### MATERIAL SHOWN
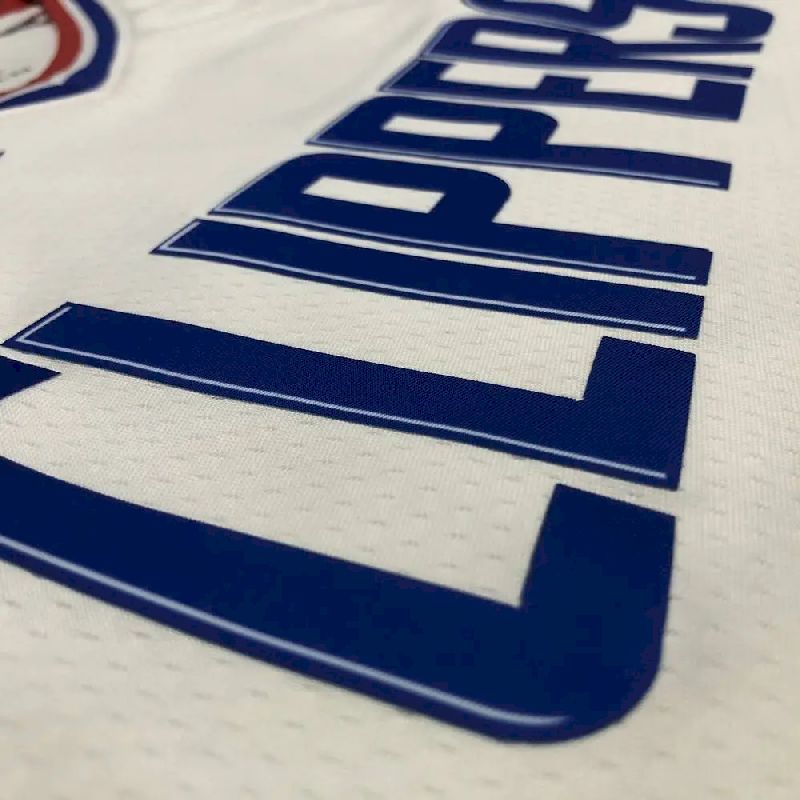 Men’s Lou Williams White 2020-21 Player Version Jersey – Association Edition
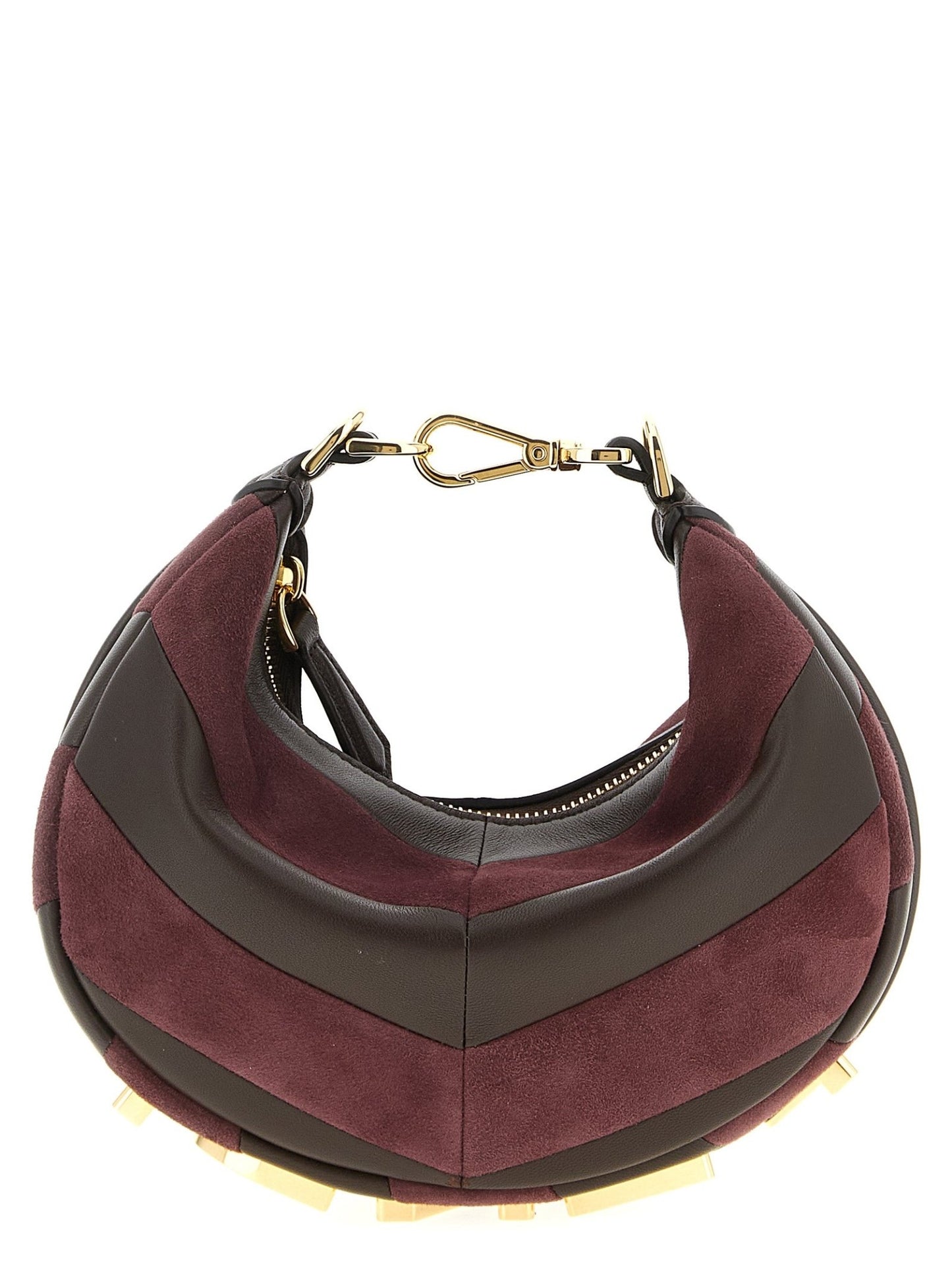 Fendi Multicolor Lamb Leather Handbag - HBPS Beauty & Fashion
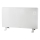 Sencor - Slimme elektrische kachel/convectorkachel 1200/2400W/230V IP24 Wi-Fi wit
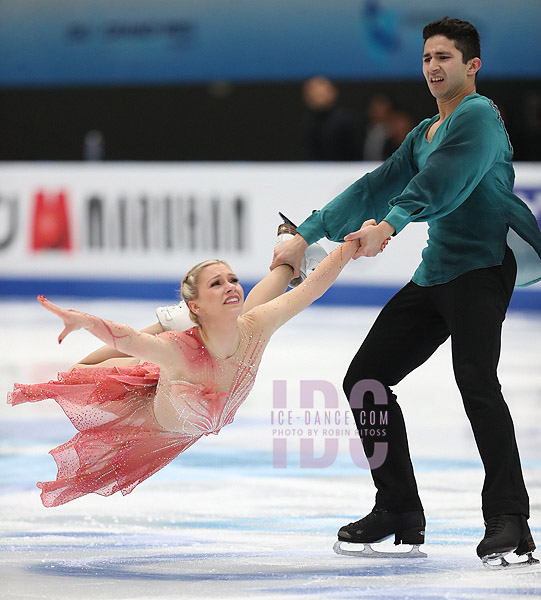 Marjorie Lajoie & Zachary Lagha (CAN)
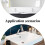 Wash Basin Overflow Ring Accessories 20 pcs 6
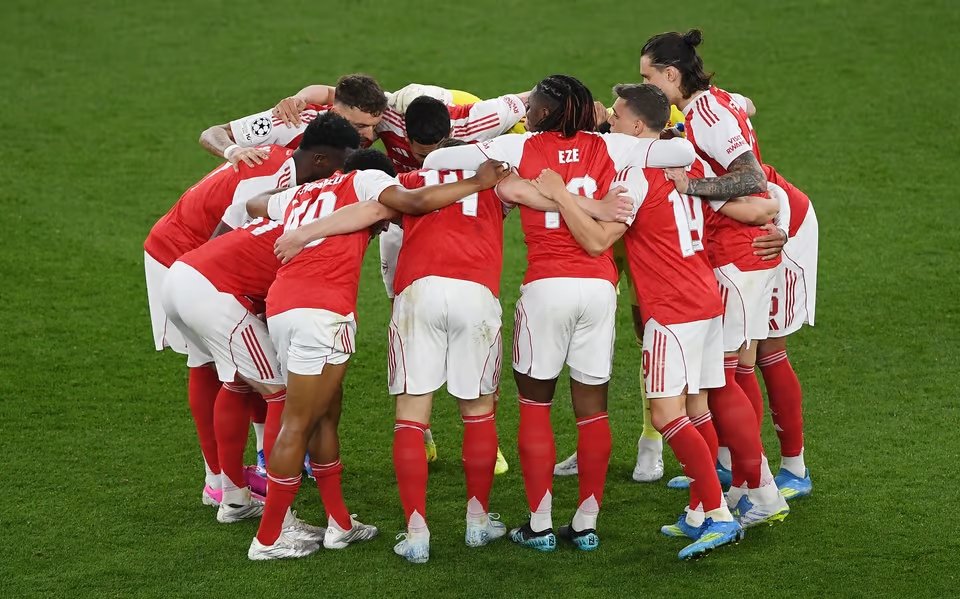 Ảnh bài viết Lần đầu Arsenal diện áo sân nhà ở chung kết Cúp C1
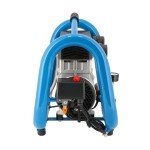 AIRPRESS Kompresor bezolejowy LMO 4-170 SILENT 8 bar 1.5 KM 136 l/min 4 l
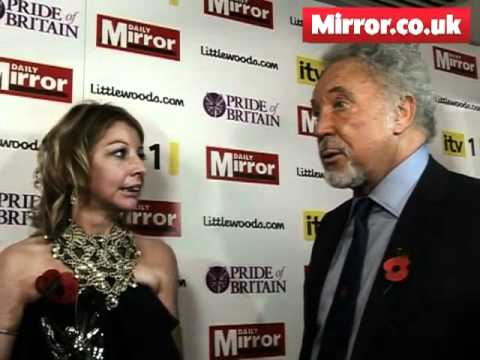 Pride of Britain 2010: In the winners room - Part ...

### TO DO
Everything in the material above is to be reproduced exactly, pictures aside.

### RESPONSE BOX
 Men’s Lou Williams White 2020-21 Player Version Jersey – Association Edition
 Fendi Multicolor Lamb Leather Handbag - HBPS Beauty & Fashion
 Sencor - Slimme elektrische kachel/convectorkachel 1200/2400W/230V IP24 Wi-Fi wit
 Marjorie Lajoie & Zachary Lagha (CAN)
 Wash Basin Overflow Ring Accessories 20 pcs 6
 Ảnh bài viết Lần đầu Arsenal diện áo sân nhà ở chung kết Cúp C1
 AIRPRESS Kompresor bezolejowy LMO 4-170 SILENT 8 bar 1.5 KM 136 l/min 4 l
 Pride of Britain 2010: In the winners room - Part ...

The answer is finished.